▸ **Data for this exercise**:
━━━━━━━━━━━━━━━━━━━━━━━━━━━━━━
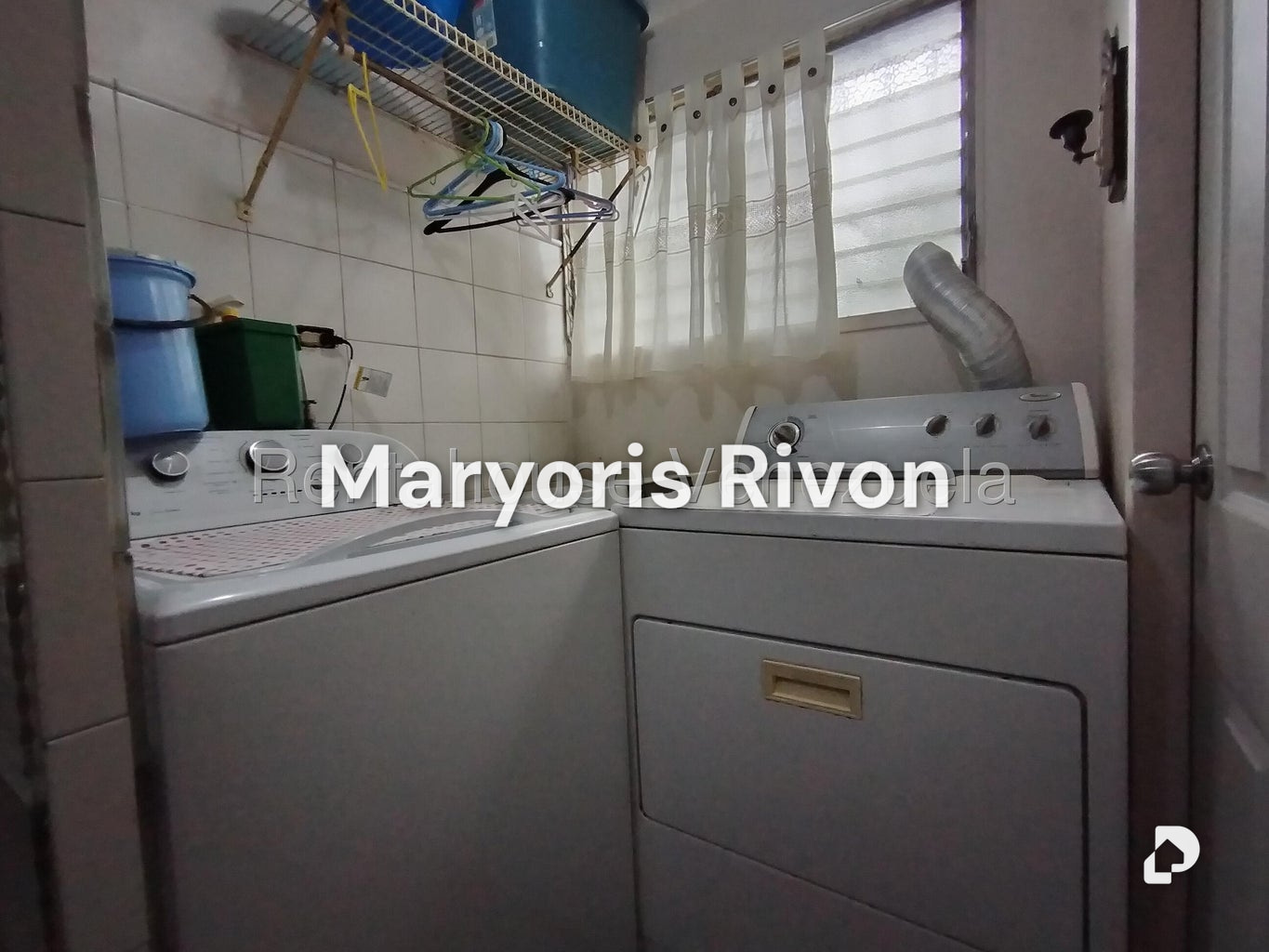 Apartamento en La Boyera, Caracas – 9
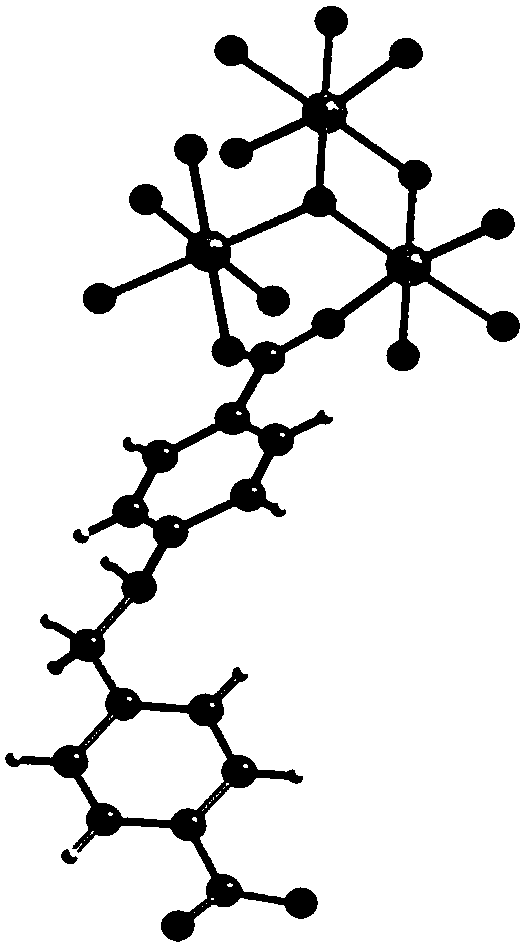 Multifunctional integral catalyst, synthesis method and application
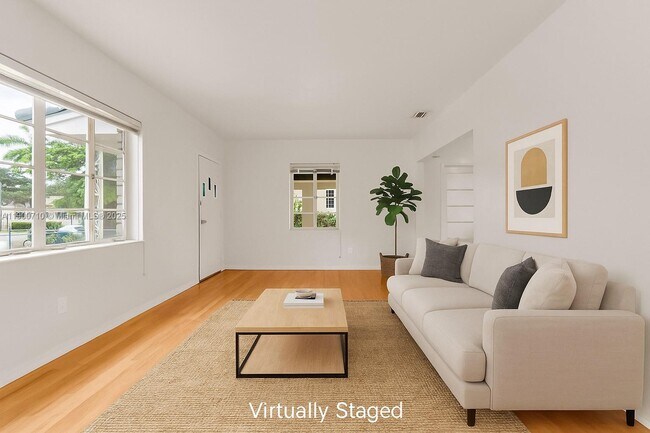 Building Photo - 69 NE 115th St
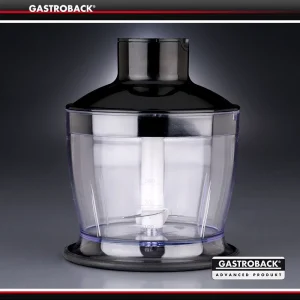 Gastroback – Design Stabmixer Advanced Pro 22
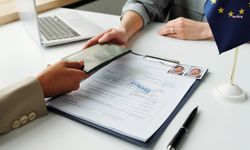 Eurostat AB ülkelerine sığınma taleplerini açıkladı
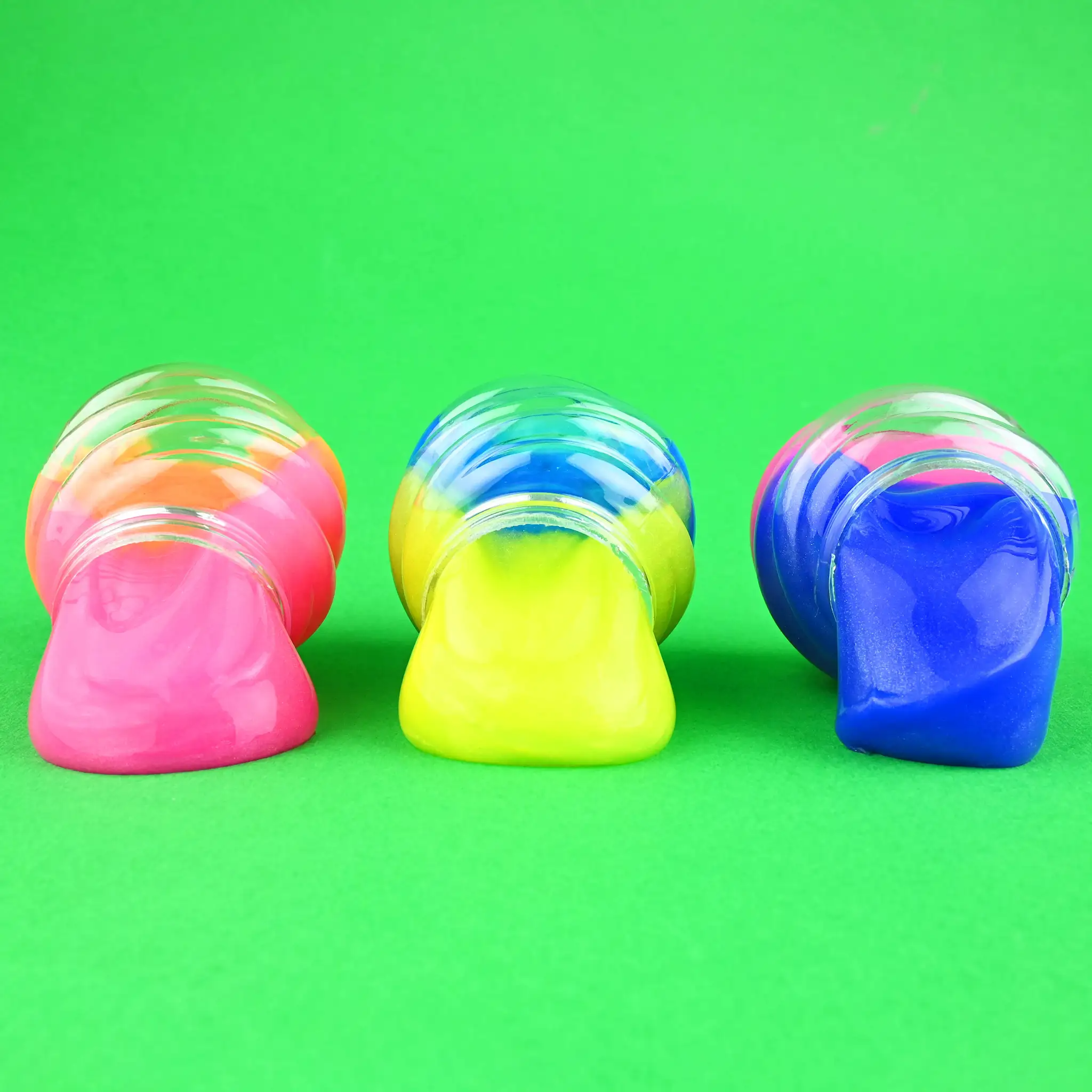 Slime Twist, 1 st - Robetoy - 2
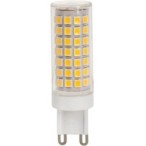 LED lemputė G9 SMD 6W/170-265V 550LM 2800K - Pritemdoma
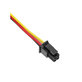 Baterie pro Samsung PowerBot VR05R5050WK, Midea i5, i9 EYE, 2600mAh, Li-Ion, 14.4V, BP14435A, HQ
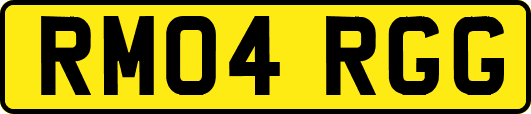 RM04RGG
━━━━━━━━━━━━━━━━━━━━━━━━━━━━━━
The result should be the full material above, word for word, with its pictures omitted.

 Apartamento en La Boyera, Caracas – 9
 Multifunctional integral catalyst, synthesis method and application
 Building Photo - 69 NE 115th St
 Gastroback – Design Stabmixer Advanced Pro 22
 Eurostat AB ülkelerine sığınma taleplerini açıkladı
 Slime Twist, 1 st - Robetoy - 2
 LED lemputė G9 SMD 6W/170-265V 550LM 2800K - Pritemdoma
 Baterie pro Samsung PowerBot VR05R5050WK, Midea i5, i9 EYE, 2600mAh, Li-Ion, 14.4V, BP14435A, HQ
 RM04RGG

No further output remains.